▸ **TASK DATA**:
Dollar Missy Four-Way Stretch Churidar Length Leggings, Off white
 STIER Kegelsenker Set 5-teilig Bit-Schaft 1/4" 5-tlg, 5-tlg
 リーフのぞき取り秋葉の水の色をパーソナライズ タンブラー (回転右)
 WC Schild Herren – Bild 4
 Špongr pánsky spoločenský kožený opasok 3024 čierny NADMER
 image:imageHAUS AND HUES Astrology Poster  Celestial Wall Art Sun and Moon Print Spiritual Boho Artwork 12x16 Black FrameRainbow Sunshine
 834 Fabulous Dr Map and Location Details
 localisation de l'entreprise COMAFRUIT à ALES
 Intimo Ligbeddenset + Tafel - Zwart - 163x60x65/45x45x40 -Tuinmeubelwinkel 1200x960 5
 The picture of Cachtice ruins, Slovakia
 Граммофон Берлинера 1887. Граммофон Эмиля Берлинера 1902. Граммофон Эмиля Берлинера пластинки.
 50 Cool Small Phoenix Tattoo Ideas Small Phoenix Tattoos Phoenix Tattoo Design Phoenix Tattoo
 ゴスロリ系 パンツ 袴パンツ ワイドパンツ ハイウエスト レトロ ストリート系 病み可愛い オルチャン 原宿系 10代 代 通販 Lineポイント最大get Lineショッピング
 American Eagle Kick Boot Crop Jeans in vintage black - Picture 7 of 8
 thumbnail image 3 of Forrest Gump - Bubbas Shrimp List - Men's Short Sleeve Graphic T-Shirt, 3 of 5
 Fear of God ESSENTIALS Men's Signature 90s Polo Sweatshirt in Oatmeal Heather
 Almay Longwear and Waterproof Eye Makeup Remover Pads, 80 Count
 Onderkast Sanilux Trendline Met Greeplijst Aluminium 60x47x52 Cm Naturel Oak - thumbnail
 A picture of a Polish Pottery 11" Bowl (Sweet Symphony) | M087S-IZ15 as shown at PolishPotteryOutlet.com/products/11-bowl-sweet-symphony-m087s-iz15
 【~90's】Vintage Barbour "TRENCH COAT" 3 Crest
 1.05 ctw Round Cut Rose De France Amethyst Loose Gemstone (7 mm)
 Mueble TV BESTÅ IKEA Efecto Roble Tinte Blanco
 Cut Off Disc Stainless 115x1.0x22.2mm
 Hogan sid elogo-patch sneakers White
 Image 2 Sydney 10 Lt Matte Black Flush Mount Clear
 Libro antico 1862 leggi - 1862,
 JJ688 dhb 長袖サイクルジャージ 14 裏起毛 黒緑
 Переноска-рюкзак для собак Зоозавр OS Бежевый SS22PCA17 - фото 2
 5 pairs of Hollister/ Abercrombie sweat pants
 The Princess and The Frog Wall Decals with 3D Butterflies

▸ **AIM OF THE TASK**: List every line in the records above that contains the word "Wall".

▸ **WRITTEN ANSWER**:
 image:imageHAUS AND HUES Astrology Poster  Celestial Wall Art Sun and Moon Print Spiritual Boho Artwork 12x16 Black FrameRainbow Sunshine
 The Princess and The Frog Wall Decals with 3D Butterflies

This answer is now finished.